- Born: 1915 Guangzhou, China
- Died: 2006 (aged 90–91)

= Liao Bingxiong =

Chinese political cartoonist, painter

Liao Bingxiong was a Chinese political cartoonist, painter and calligrapher. He remained active from 1934 until he gave up in 1995 (with a 20-year break between 1957 and 1978). Liao is widely regarded as one of China's foremost political cartoonists. Liao integrated folk art; Cantonese rhymes and idioms; and woodcut into many of his cartoons.

==Biography==
He was born Liao Dongsheng. At age 18, he wrote an article for the newspaper Cheng Bao (誠報) in Guangzhou, and signed the article Bingxiong - i.e. "brother of Bing" after his little sister Liao Bing. As an explanation, Liao Bingxiong is said to have asked: "Am I not Liao Bing's brother?"

Early in his life, he worked as a teacher. He drew anti-war illustrations during World War II, and later joined a comic artists organization in Hong Kong.

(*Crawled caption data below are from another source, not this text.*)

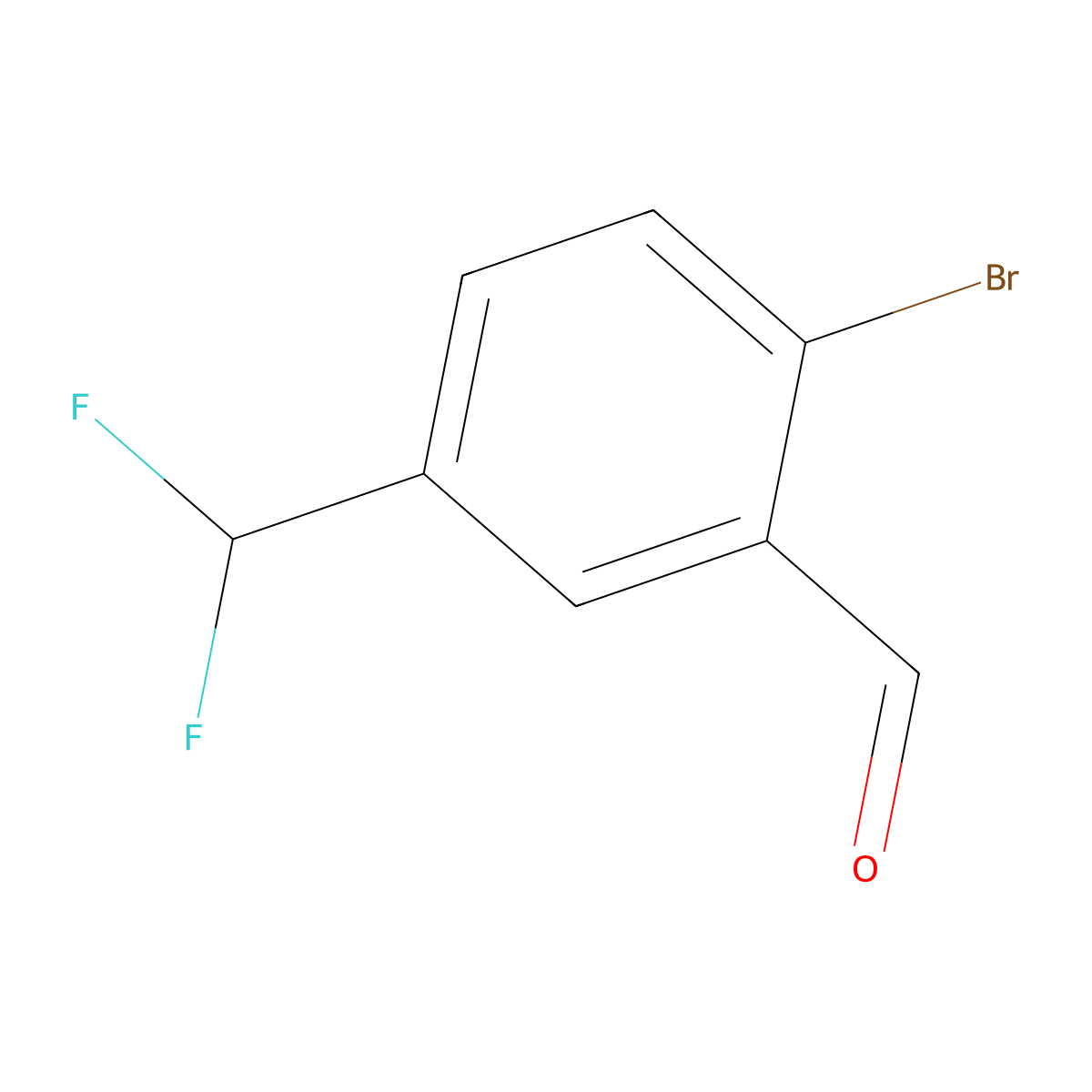 2-Bromo-5-(difluoromethyl)benzaldehyde molecular structure, CAS 1782539-20-1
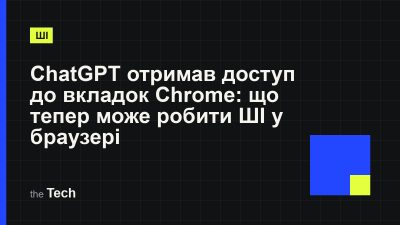 Типографічна обкладинка TheTech: заголовок «ChatGPT отримав доступ до вкладок Chrome: що тепер може робити ШІ у браузері» на темному тлі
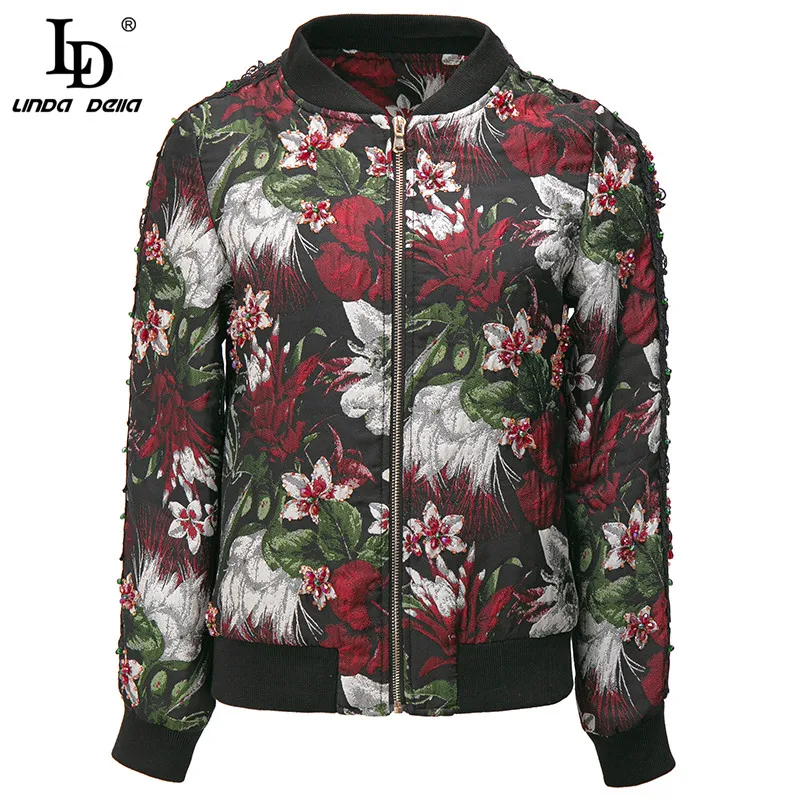

LD LINDA DELLA Designer Autumn Winter Jacquard Jacket Women Long Sleeve luxurious Beading Vintage Short Jacket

In 1946 his satirical Spring and Autumn in the Cat Kingdom debuted in Chongqing. In the early 1950s, he returned to the mainland, where he drew children's comics.

Over many years, in a long series of cartoons and calligraphic pieces, Liao documented corruption and abuses of power under the Kuomintang; the Japanese occupation; the regime of Mao Zedong; and many subsequent events. Liao learned to draw by copying, but he never received formal training in art. For this reason he called himself "a wild animal" (野生动物).

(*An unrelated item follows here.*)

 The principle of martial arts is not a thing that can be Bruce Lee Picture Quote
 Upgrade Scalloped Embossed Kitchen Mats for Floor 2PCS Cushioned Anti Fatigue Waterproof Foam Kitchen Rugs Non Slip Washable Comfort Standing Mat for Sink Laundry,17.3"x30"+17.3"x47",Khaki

Liao died in 2006, at the age of 91. A gallery is named in his honour at the Guangzhou Museum of Art, where some of his works are on display.

==Style as a cartoonist and calligrapher==
Liao Bingxiong said: "I was sad for the good people who have been victimized. I was angry against the evil people who hurt others. That was why I drew mostly sad and angry cartoons...."

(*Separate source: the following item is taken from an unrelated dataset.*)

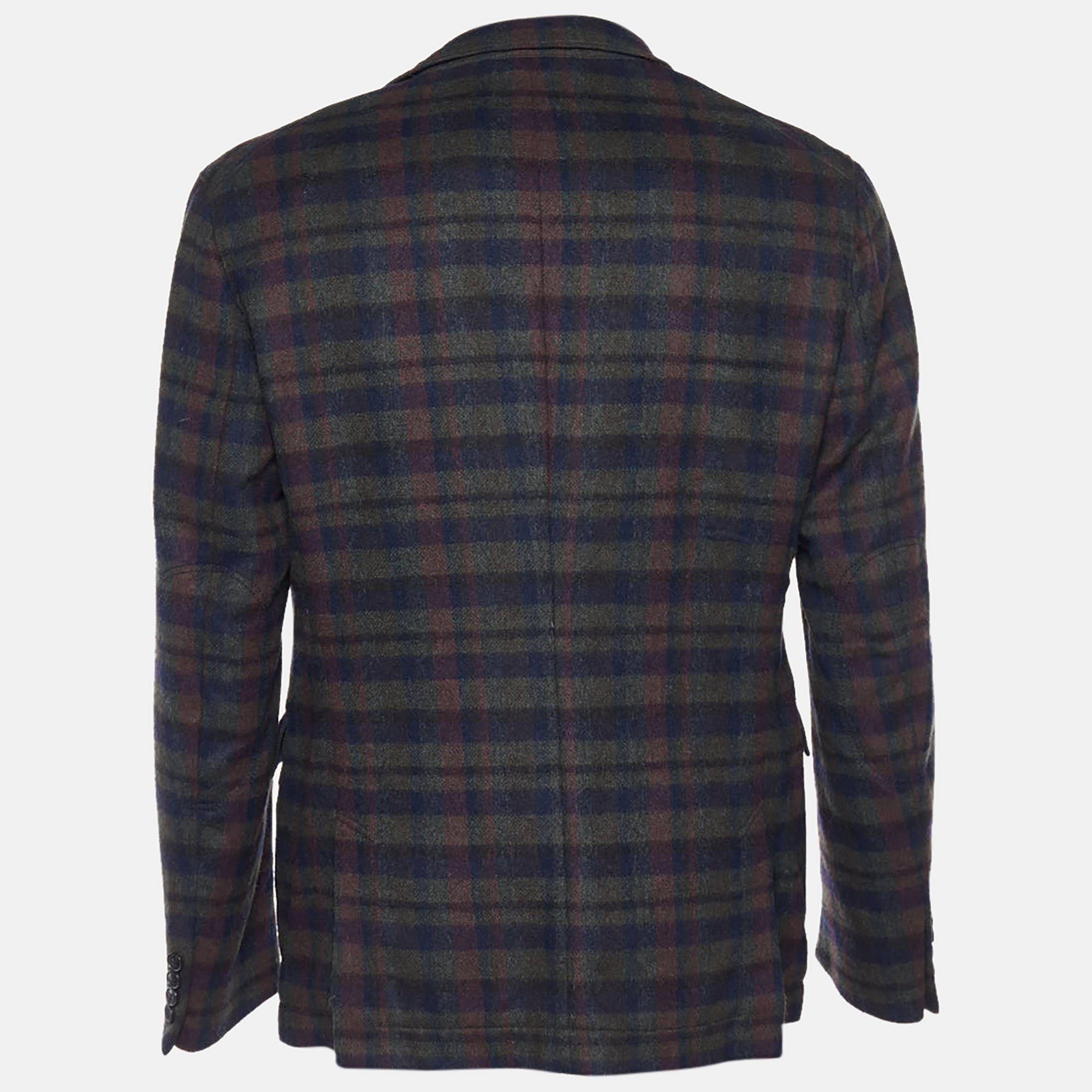 

Boss By Hugo Boss Green Plaided Wool Button Front Blazer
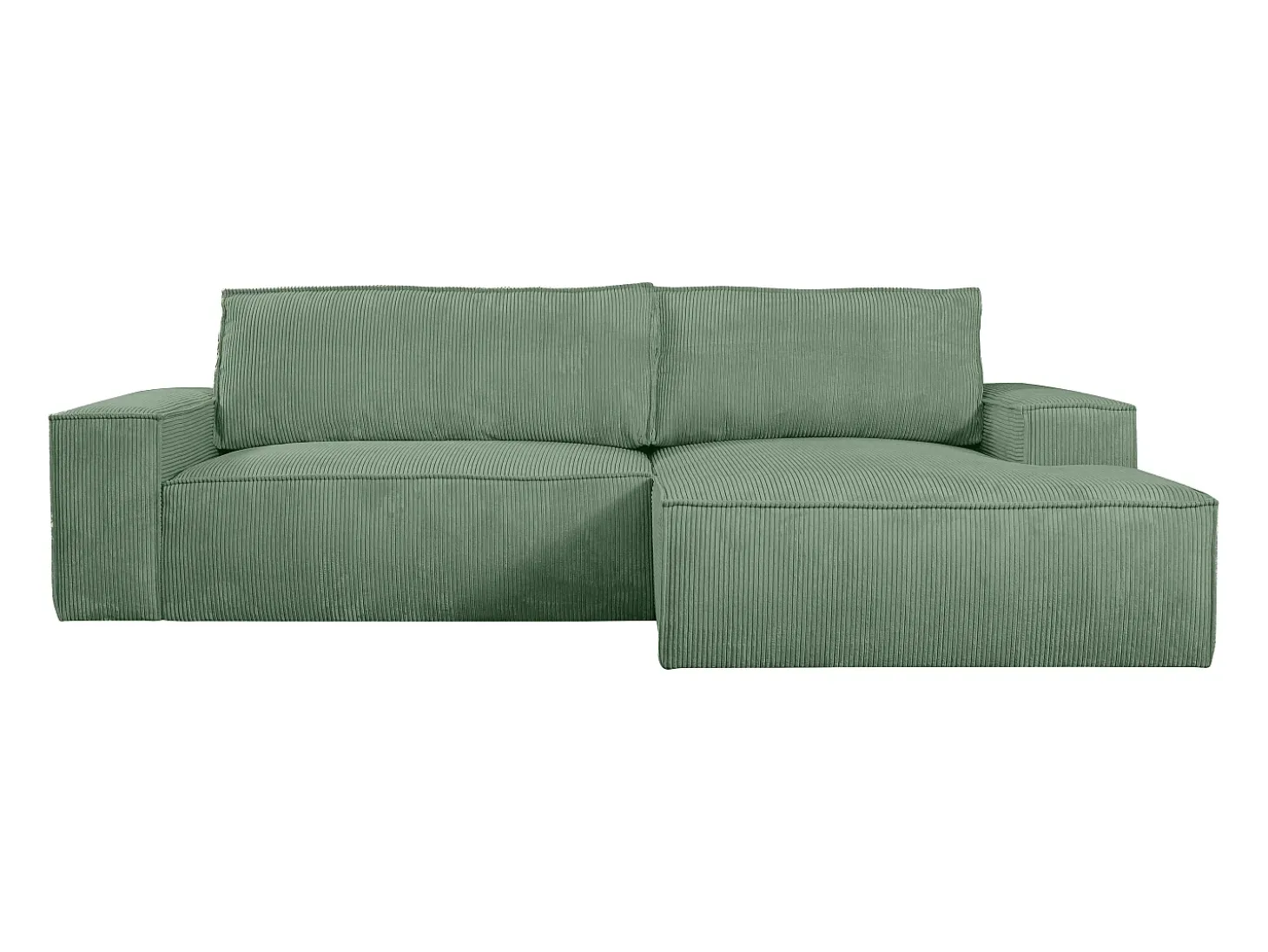 Sofá cama rinconera derecha de pana verde almendra AMELIA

Early in his career, Liao was concerned that his drawings needed to be understood even by those who could not read – so he mainly drew cartoons without any text. In 1938, inspired both by traditional Chinese approaches and by the Mexican artist Miguel Covarrubias, Liao extended his repertoire, and began experimenting increasingly with color and form. Liao's calligraphy has been described direct and "vulgar".